Analysts Lost Faith in Macy’s Before It Even Started Its Turnaround Plan

Macy’s stock has been downgraded as the retailer embarks on an ambitious turnaround plan.

Both S&P Global Ratings and Fitch Ratings this month lowered the retailer’s long- and short-term issuer credit ratings. On Tuesday, S&P analysts downgraded Macy’s long-term rating to BB+ from BBB- and its short-term rating to B from A-3. The new value pushes the company’s rating out of investment grade territory.

“While we believe management’s strategic plan is a necessary step toward rightsizing the enterprise, it demonstrates to us that the company’s competitive advantage has diminished more than we expected, and to a point that we no longer believe is consistent with an investment-grade rating,” S&P wrote in its research note. “We now project operating performance will deteriorate over the next several quarters, with declines in comparable same-store sales.”

What’s more, on Feb. 6, Fitch Ratings downgraded Macy’s long-term issuer default rating to BBB- from BBB. It also lowered the short-term rating to F3 from F2. In its note, the agency wrote that it could downgrade Macy’s ratings on “reduced confidence in the company’s longer-term business profile” or its “ability to stabilize its operating trajectory.”

Both S&P and Fitch analysts noted that their outlooks for Macy’s were stable.

The Fitch rating came a day after Macy’s held its investor day, when it outlined a three-year turnaround plan that included trimming 125 stores from its total footprint, cutting 2,000 jobs — or about 9% of its corporate workforce — and ramping up investments in both higher-margin private labels and off-price through Macy’s Backstage.

It will also shutter its Cincinnati headquarters and San Francisco tech office, relocating some of these jobs to its new home base of New York City. Macy’s said it expects these moves to save the company $1.5 billion annually by the end of fiscal 2022.

“We will focus our resources on the healthy parts of our business, directly address the unhealthy parts of the business and explore new revenue streams,” Chairman and CEO Jeff Gennette said in a statement on Feb. 4. “Over the past three years, we have shown we can grow the top line; however, we have significant work to do to improve the bottom line. We are confident the strategy we are announcing today will allow us to stabilize margin in 2020 and set the foundation for sustainable, profitable growth.”

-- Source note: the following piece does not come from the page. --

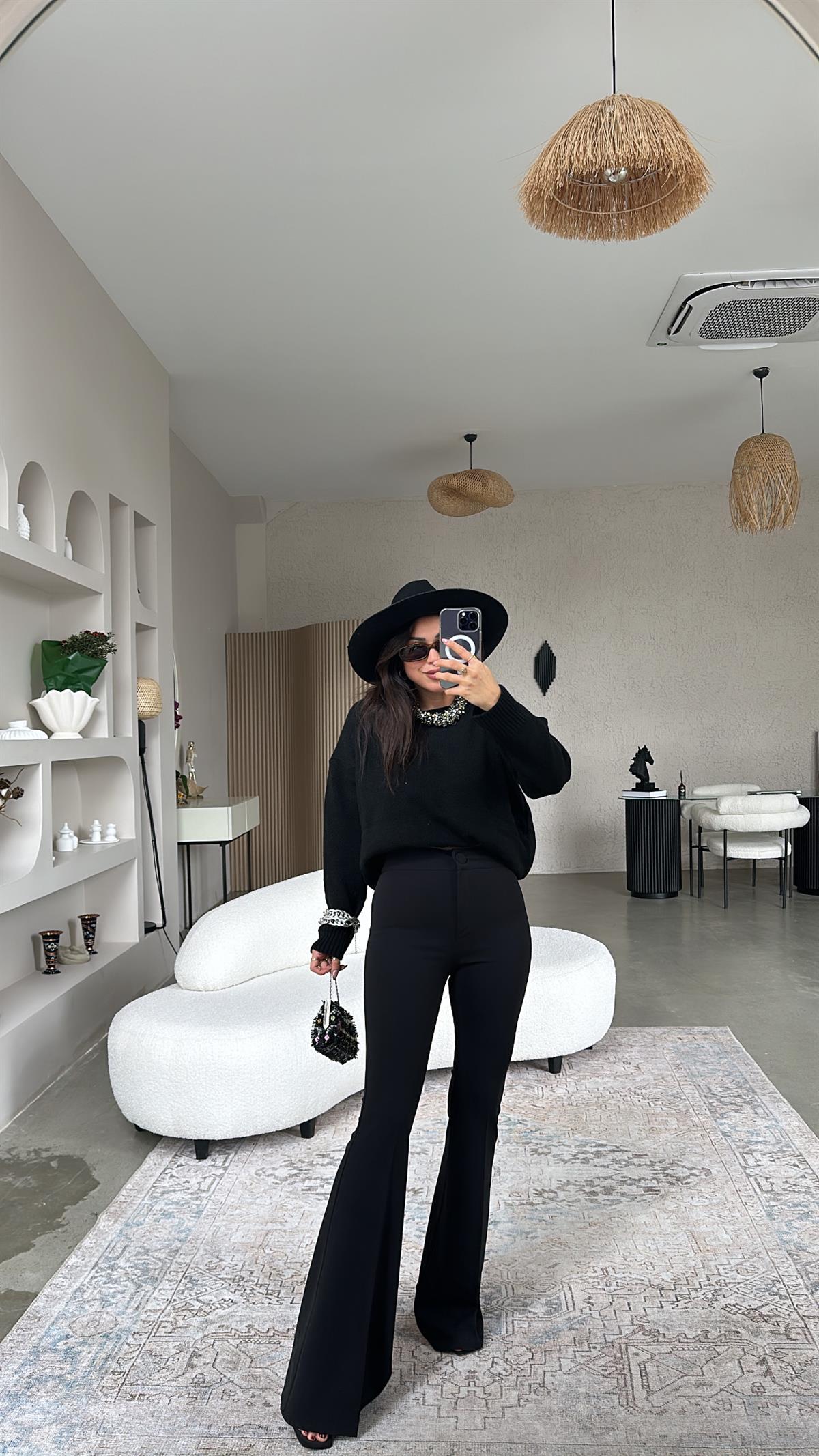 Siyah Klasik Kaplama Düğmeli Kumaş Pantolon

Over the past three months, Macy’s stock has lost over 5% of its value. In its third-quarter earnings report ended Nov. 2, the company logged its first same-store sales decline in two years and slashed its guidance for the full year. Macy’s execs blamed the disappointing results on the warmer fall season, coupled with slowing foot traffic, amid a broader shift from brick-and-mortar to online retail.